The Case Against Antitrust: No, Facebook and Twitter Are Not Monopolies

Conservative antipathy towards “Big Tech” is nothing new—and in the wake of Facebook’s decision to uphold their ban of former president Donald Trump some are calling for the Department of Justice to further their antitrust investigations.

While it is nothing new for a politician to propose legislation aimed at hurting their political opponents, the spirit of antitrust legislation is that it is meant to protect consumer welfare and ensure a competitive marketplace. It is worth exploring these claims as they apply to potential future antitrust prosecutions of social media companies like Facebook and Twitter.
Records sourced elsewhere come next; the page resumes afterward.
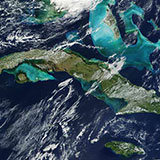  Cuba 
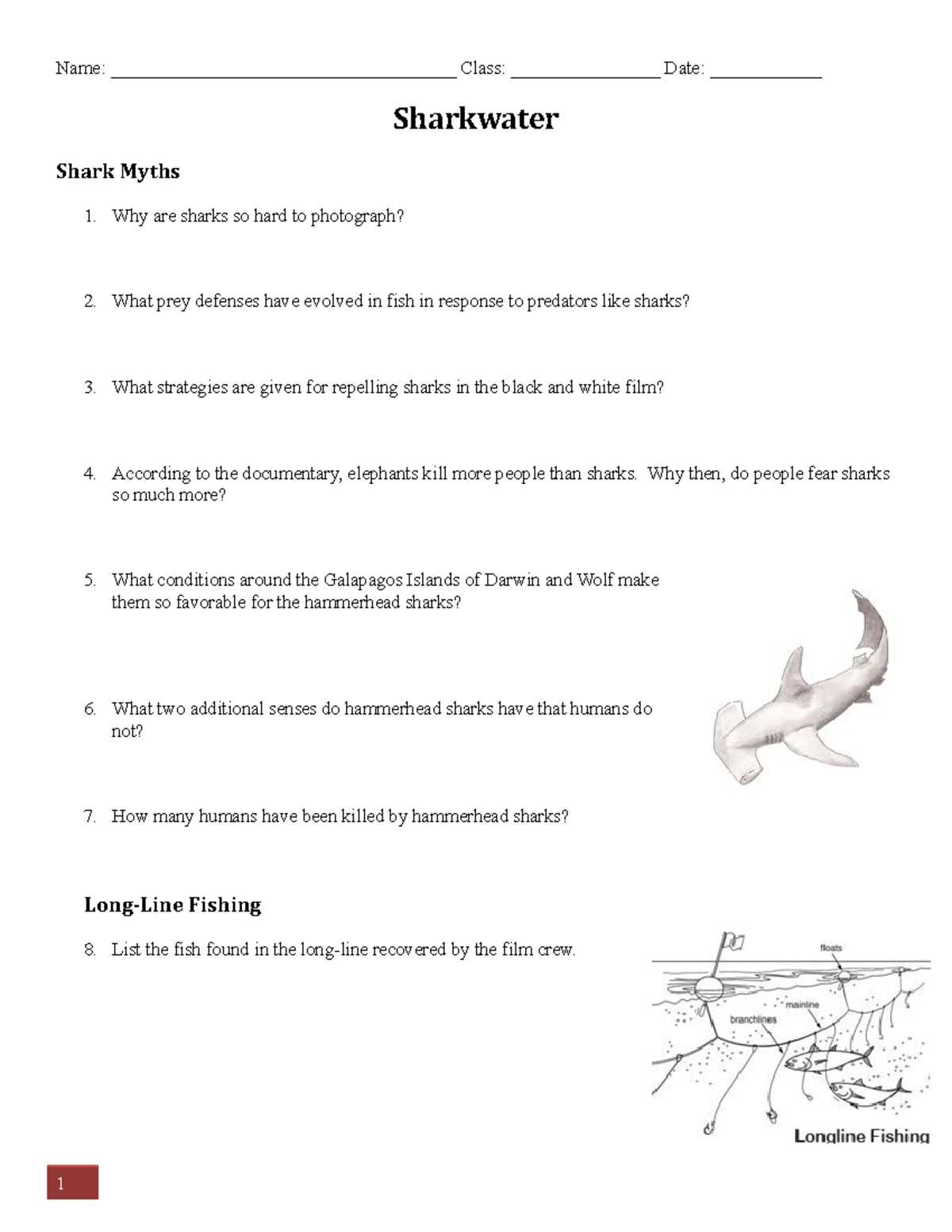 aurum science tapped answer key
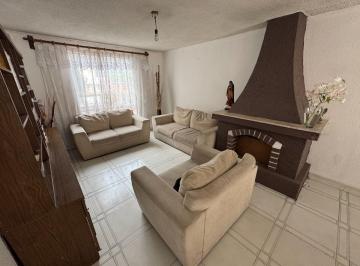 Casa de 5 habitaciones, Atizapán de Zaragoza · Casa en Venta Mayorazgo del Bosque - Las Arboledas - Atizapan de Zaragoza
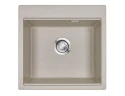 Мойка EMAR EMQ-1520.Q EMQ-1520.Q Берилл на Otdelka1.ru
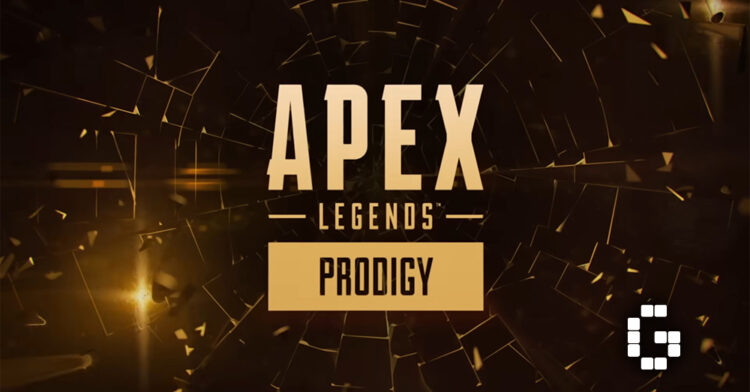 Apex Legends Introduces Cat-Themed Legend and Revives Arenas in Season 25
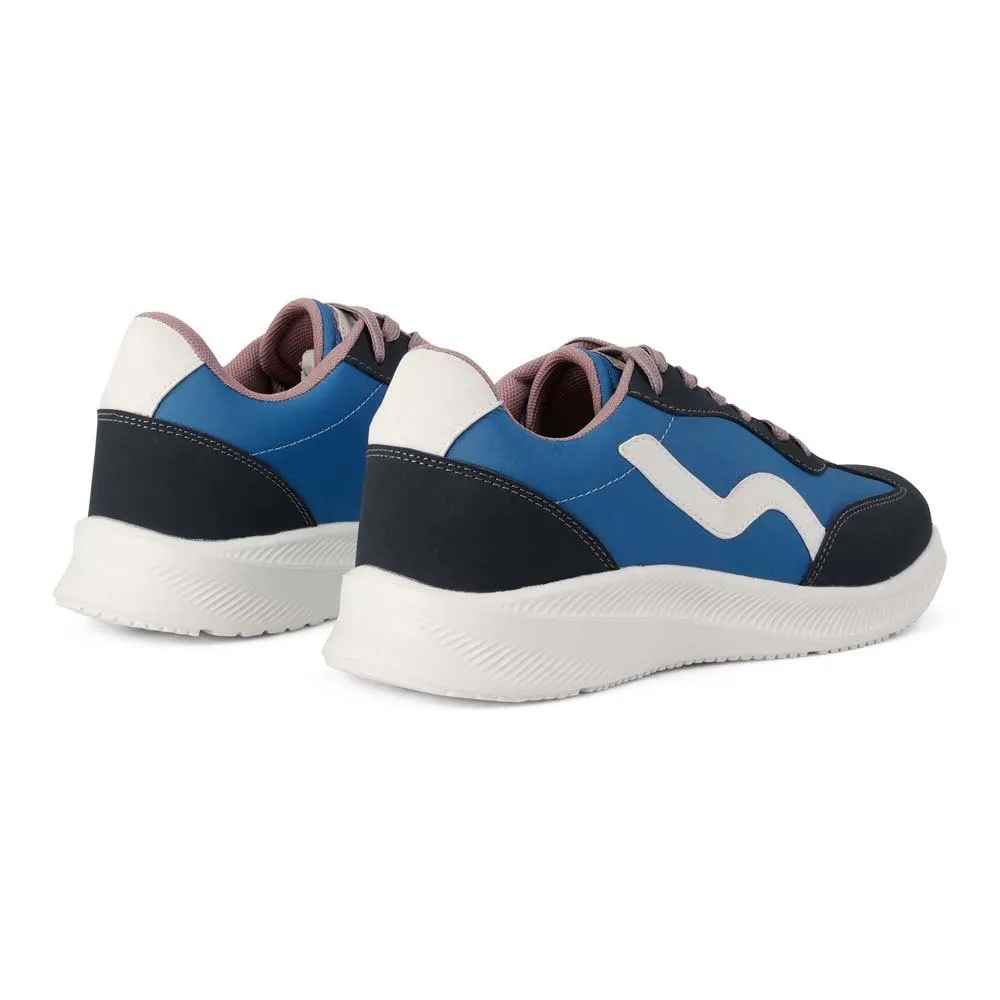 Regatta Marine Retro Vandringsskor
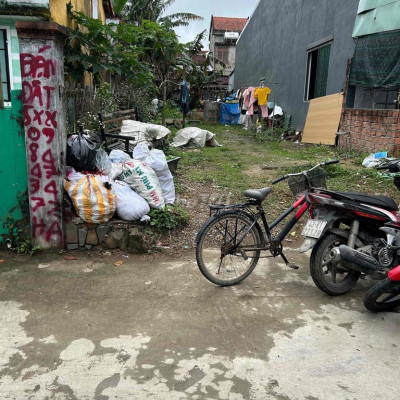 cần bán gấp đất chính chủ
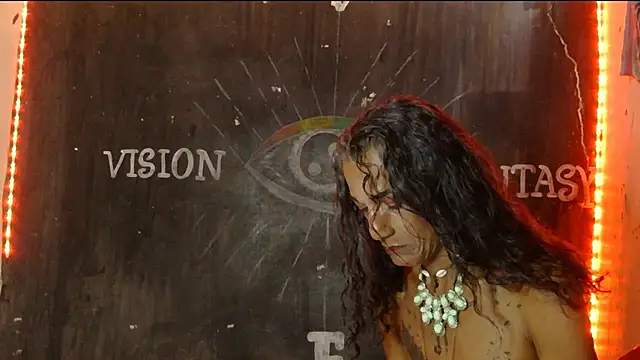 Snapshot of Lobaveterana_sex chatting on January 29, 2025, 9:17 pm Lobaveterana sex online show from January 29, 2025, 9:17 pm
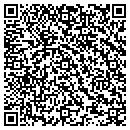 QR code with Sinclair Retail Station contacts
The first step is understanding the economics of monopolies and the specific problem that antitrust legislation is designed to solve. In a competitive market, a business may put a price sticker on the items they sell, but the number on that sticker is limited by the customer’s ability to walk out their door and into another business that is selling the item at a lower price. Imagine a grocer decides to add $10 to the price of every item they sell. How many customers do you think would remain? Competition from other grocers limits the ability of any one person to raise their prices and remain in business.

Antitrust prosecutions are unlikely to reduce consumer harm or make the market more competitive.

This is not true in a monopoly. In a competitive market, producers compete against other producers by their willingness to sell at lower prices. In a monopoly, customers compete against customers by their willingness to pay more. The result is higher prices and less stuff.

Imagine a world where there is a monopoly on the production of automobiles. The harm isn’t the high price, it is the decreased quantity of automobiles. Individuals that would have been willing to purchase a car at the competitive price are priced out of the market once it is monopolized.

Fewer cars mean fewer people are benefiting from car ownership because those cars were never made and those purchases never occurred. This is how economists view the losses from monopolies: people want to drive places but they are unable to do so because the market structure limits the number of cars created and the resulting higher prices prevent individuals from benefiting from car ownership.

How does this apply to social media? They make money from advertising. The users are not the customers. Grandma isn’t the one writing a check to Zuck when looking at pictures of her grandkids. The people writing the check are advertisers that want to match their ads with eyeballs. In the monopoly model, the people being hurt are the advertisers! The problem is too few ads are being sold at too high a price!

This is an odd crusade for populist Republicans.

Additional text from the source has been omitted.